# Vinny got his first point!



## Ms Stella (Aug 16, 2010)

WOW...congrats! I dont think I know Vinny. Can you post a photo. You must be thrilled!


----------



## Poodlesrule 1 (Jan 16, 2011)

Thanks, I would love to post some pics when I figure out how to do it. I have some on my phone of him at shows.


----------



## CT Girl (Nov 17, 2010)

Congratulations!


----------



## CharismaticMillie (Jun 16, 2010)

CONGRATS!!! I know the feeling of your baby's first point!  And..I wouldn't feel too bad about not taking breed! It was only his first show, after all.  I'm not sure how many class dogs take breed their first, second, third, fourth, etc. time out anyway. 

Where was he showing? Is he in any other shows coming up? Any chance he'll be at Purina Farms this weekend or next weekend?


----------



## Poodlesrule 1 (Jan 16, 2011)

We're staying close to home right now. He needs more neck hair. We may enter him in Urbana or Columbus. Not too sure yet. We've got some UKC shows coming up but for Junior Showmanship. He is already a UKC Champion and needs 1 more pass for his Grand.
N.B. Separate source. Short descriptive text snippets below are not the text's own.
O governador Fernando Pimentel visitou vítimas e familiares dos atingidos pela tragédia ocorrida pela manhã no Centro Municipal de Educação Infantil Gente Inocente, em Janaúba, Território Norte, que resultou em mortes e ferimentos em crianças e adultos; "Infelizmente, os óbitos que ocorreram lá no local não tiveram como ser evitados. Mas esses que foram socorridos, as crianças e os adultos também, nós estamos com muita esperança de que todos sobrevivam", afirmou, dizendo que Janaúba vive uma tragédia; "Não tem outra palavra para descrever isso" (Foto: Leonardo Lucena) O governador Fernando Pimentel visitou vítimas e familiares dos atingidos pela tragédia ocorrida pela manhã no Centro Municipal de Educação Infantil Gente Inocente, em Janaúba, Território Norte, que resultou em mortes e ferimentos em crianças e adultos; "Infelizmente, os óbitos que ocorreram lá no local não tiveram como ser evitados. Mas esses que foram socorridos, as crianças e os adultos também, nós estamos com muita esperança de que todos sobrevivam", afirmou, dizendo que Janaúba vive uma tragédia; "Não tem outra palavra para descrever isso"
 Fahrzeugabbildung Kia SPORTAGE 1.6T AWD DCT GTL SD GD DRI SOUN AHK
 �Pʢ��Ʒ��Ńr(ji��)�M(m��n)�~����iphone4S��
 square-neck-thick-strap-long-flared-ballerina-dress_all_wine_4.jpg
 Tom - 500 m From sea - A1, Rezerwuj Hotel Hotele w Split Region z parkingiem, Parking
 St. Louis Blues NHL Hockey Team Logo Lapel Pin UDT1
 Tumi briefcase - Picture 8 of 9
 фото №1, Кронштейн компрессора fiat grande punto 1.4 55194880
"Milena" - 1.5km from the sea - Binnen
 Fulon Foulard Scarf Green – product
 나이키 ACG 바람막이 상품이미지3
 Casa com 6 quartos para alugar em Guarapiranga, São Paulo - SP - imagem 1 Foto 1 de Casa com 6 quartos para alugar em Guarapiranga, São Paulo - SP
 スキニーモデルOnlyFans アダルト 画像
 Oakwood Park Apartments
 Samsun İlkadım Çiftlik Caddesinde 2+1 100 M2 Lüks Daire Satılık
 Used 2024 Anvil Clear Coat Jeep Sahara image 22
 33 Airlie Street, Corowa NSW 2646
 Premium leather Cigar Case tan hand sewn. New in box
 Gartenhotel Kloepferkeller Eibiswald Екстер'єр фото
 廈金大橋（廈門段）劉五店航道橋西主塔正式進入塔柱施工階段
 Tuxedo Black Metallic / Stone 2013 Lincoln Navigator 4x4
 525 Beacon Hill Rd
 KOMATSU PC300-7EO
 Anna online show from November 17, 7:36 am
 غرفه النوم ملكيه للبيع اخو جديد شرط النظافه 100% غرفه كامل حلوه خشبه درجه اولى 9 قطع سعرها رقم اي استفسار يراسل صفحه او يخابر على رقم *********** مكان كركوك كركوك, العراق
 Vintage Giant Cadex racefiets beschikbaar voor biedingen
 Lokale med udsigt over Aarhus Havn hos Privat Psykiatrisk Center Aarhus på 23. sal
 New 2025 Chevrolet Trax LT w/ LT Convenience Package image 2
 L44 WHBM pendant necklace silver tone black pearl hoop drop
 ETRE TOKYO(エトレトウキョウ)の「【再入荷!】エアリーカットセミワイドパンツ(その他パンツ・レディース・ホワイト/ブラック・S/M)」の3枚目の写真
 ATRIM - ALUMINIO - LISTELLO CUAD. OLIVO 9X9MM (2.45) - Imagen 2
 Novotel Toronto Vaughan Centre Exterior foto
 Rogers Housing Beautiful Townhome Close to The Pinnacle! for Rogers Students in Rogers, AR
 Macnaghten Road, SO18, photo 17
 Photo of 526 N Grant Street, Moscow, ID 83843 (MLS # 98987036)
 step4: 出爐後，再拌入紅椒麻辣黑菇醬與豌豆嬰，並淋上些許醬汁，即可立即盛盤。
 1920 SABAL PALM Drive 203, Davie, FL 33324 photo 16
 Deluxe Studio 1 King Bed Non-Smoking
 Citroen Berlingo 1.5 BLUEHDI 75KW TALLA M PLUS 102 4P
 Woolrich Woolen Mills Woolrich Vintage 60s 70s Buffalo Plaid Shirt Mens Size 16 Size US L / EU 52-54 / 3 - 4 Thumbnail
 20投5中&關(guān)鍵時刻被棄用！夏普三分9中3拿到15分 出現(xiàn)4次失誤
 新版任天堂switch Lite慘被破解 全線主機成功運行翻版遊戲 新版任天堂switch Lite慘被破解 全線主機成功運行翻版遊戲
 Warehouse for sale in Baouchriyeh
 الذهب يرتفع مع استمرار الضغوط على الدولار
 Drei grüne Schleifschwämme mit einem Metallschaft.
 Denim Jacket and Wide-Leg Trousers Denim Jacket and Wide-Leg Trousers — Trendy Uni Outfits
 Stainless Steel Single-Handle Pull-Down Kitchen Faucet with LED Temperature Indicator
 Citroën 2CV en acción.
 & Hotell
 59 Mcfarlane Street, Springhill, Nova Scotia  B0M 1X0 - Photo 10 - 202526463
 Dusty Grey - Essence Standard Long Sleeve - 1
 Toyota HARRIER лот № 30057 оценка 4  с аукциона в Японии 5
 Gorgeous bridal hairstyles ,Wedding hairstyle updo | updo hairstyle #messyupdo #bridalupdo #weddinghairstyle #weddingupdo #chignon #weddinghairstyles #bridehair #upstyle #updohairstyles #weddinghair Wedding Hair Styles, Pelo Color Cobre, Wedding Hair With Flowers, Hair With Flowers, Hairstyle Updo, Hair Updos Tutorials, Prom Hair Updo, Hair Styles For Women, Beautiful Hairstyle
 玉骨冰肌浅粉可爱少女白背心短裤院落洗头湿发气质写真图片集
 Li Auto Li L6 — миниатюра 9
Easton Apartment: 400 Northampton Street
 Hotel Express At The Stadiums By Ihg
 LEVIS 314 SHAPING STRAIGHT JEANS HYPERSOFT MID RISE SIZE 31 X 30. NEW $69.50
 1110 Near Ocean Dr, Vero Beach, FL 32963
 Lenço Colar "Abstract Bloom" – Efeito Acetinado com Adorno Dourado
He is #4 in the UKC Top 10 Poodles. Not too shabby for our little boy. At Premier he was the only Companion Poodle to place in any Group. He got a Group 3 on Saturday.


----------



## spoospirit (Mar 10, 2009)

_Congratulations!! Sounds like your boy is doing really well. Looking forward to photos of him._


----------



## outwest (May 1, 2011)

I am sorry I missed this the first time and would like to add my congratulations, too! I thought you were doing UKC only and think it is neat that you are doing both. Would love to see Vinnie. All you need to do to post is 'go advanced' then click the paperclip then browse for a picture on your computer then upload it to the post. I hope to see your boy.


----------